Parameter Default Description
--slurm_account def-rec3141 SLURM --account for job submission
--conda_path (none) Path to conda/mamba bin/ for SLURM jobs

Outputs

results/
├── preprocess/<sample>/        QC'd reads + FastQC reports
├── error_correct/<sample>/     Three-phase error-corrected reads
├── normalize/<sample>/         Coverage-normalized reads + k-mer histograms
├── merge/<sample>/             Merged + quality-trimmed reads
├── assembly/<sample>/
│   ├── <sample>.dedupe.fasta   Final deduplicated assembly
│   ├── <sample>.tadpole.fasta  Per-assembler outputs
│   ├── <sample>.megahit.fasta
│   ├── <sample>.spades.fasta
│   ├── <sample>.metaspades.fasta
│   └── <sample>.assembly_stats.txt
├── mapping/<sample>/
│   ├── <sample>.sorted.bam     Alignments
│   ├── <sample>.sorted.bam.bai BAM index
│   ├── <sample>.depths.txt     Depth matrix (MetaBAT2 format)
│   └── <sample>.covstats.txt   Per-contig coverage statistics
└── pipeline_info/              Nextflow reports (timeline, trace, DAG)

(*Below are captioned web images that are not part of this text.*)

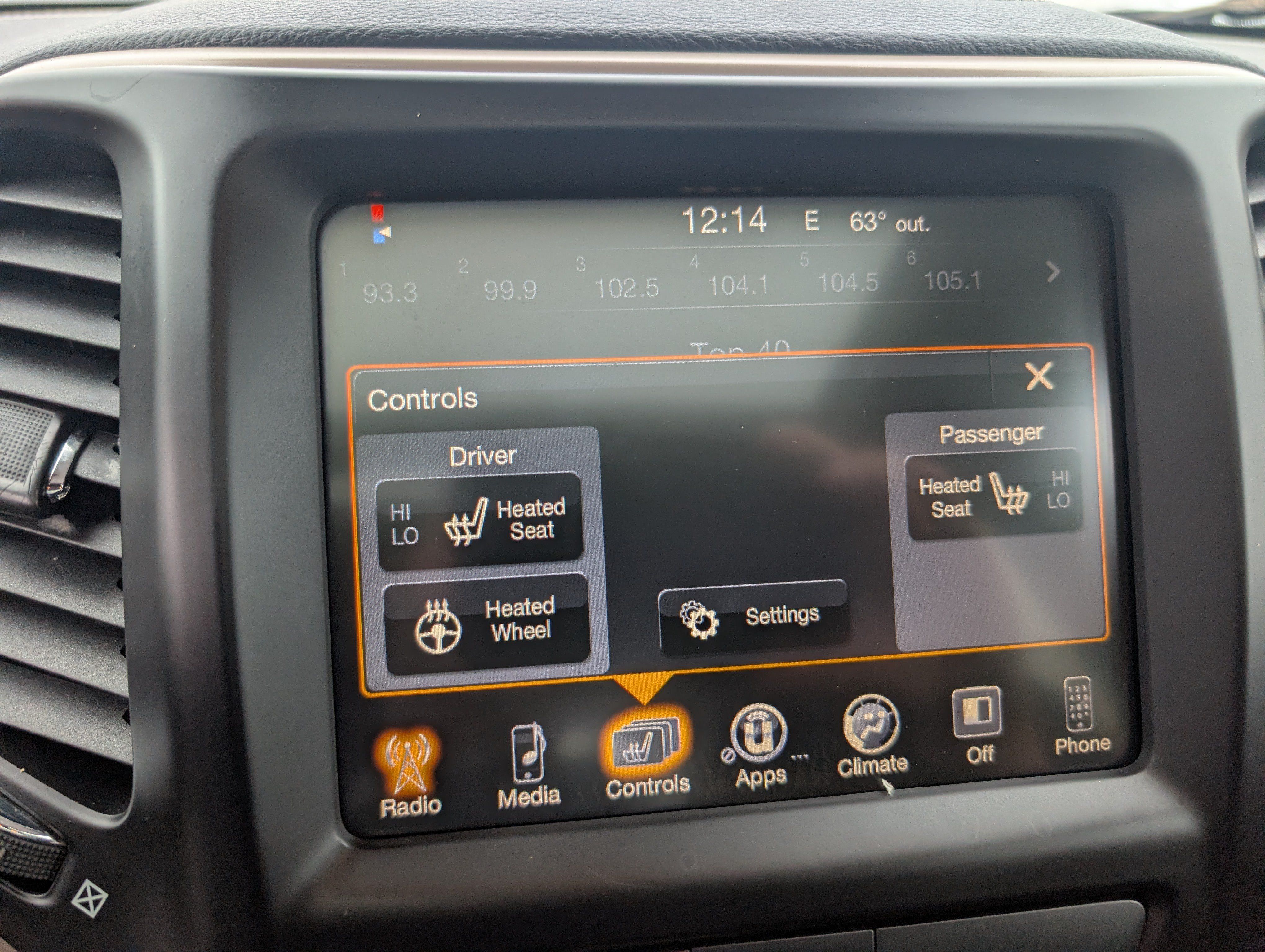 Used 2016 Jeep Cherokee 75th Anniversary FWD image 19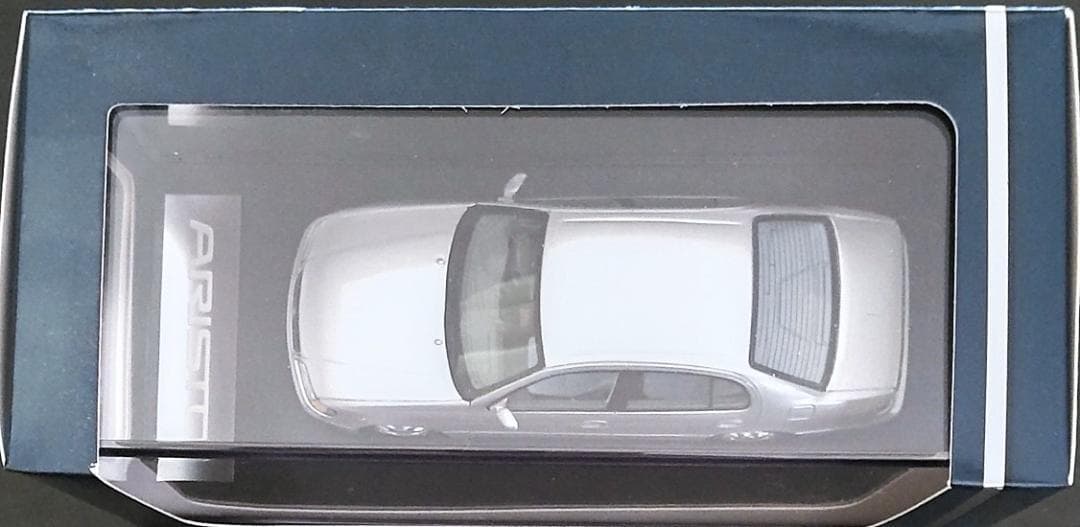 【週末限定値下げ】C011　トヨタアリスト3.0V（シルバーメタリック）　未開封 3．0Q JZS147 アリスト（トヨタ）の価格・スペック情報{平成3年10月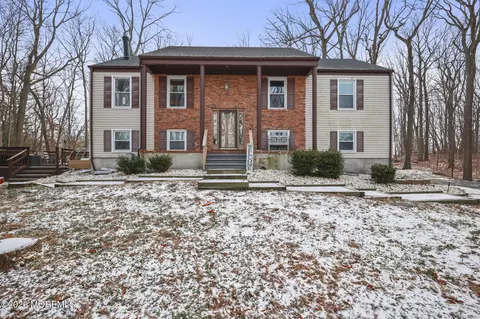 104 Valley Dr, Millstone, NJ 08535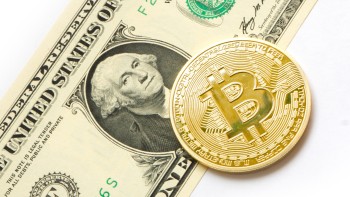 Bitcoin a devenit monedă oficială de plată în El Salvador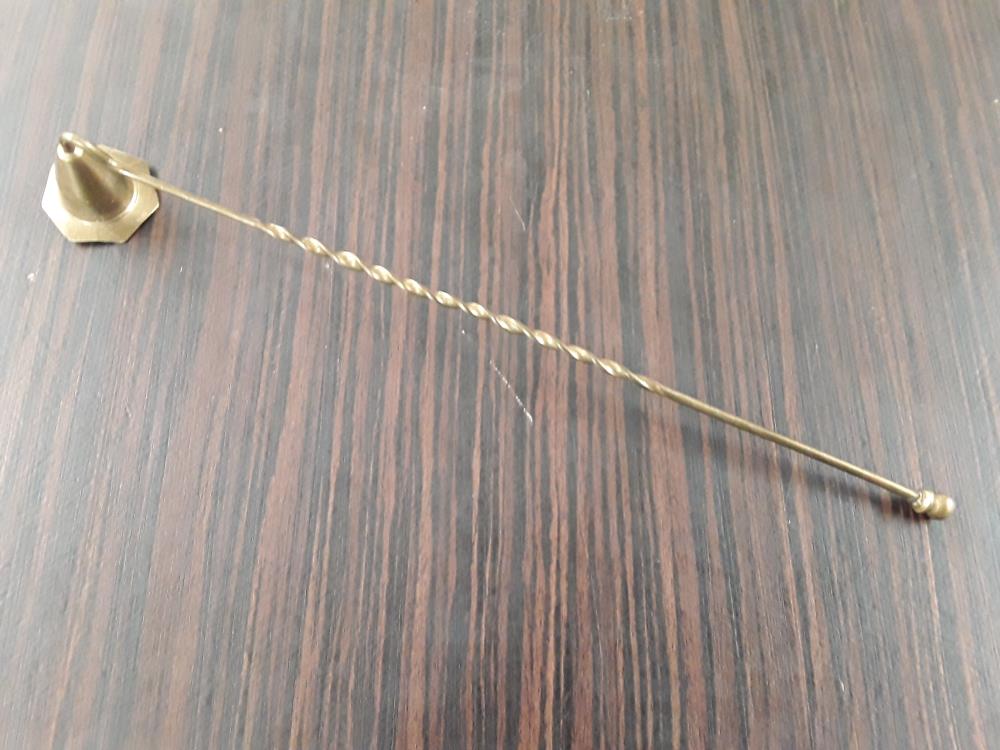 MOUCHE POUR BOUGIE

In co-assembly mode, <sample> is replaced with coassembly for assembly and mapping directories.

Feed these outputs into mag_analysis:

cd ../mag_analysis
./run-mag-analysis.sh \
    --assembly results/assembly/<sample>/<sample>.dedupe.fasta \
    --depths results/mapping/<sample>/<sample>.depths.txt \
    --bam_dir results/mapping/<sample>/ \
    --outdir /path/to/analysis --db_dir /path/to/databases

Profiles

Profile Use case
standard Local execution (default)
test Small test data, reduced resources (4 CPUs, 8 GB)
slurm SLURM cluster execution

Resource Requirements

Component CPUs RAM Notes
Preprocessing (BBTools) 8 16 GB Per-sample; parallelized
Error correction 8 16 GB Three sequential phases per sample
SPAdes / metaSPAdes 24 250 GB Most memory-intensive step
Megahit 24 250 GB Lower peak memory than SPAdes
Tadpole 24 250 GB Fast, single k-mer assembly
BBMap read mapping 8 16 GB Per-sample mapping
Human decontamination 8 16 GB BBTools removehuman.sh

Input

--input must point to a directory containing paired-end Illumina reads:

input_dir/
├── sampleA_S1_L001_R1_001.fastq.gz
├── sampleA_S1_L001_R2_001.fastq.gz
├── sampleB_S2_L001_R1_001.fastq.gz
├── sampleB_S2_L001_R2_001.fastq.gz
└── ...

R2 files are matched by replacing _R1_ with _R2_. The sample ID is extracted as the first field before _ in the filename.

Design Notes

  • Multi-assembler approach. Four assemblers capture different k-mer ranges. Cascade deduplication (100% -> 99% -> 98%) merges them into a single non-redundant contig set.
  • Three-phase error correction. Overlap-based (bbmerge ecco), clump-based (clumpify ecc, 4 passes), and k-mer-based (tadpole ecc k=62) correction each catch different error types.
  • Human decontamination. Enabled by default via BBTools' removehuman.sh. Disable with --run_remove_human false.
  • Interleaved read handling. BBTools operates on interleaved FASTQ throughout, simplifying channel plumbing.
  • Graceful assembler failure. All assemblers use set +e and produce an empty FASTA on error. The deduplication step skips empty files.
  • SRA-safe. Automatic fallbacks for SRA-stripped read headers that lack optical duplicate coordinates.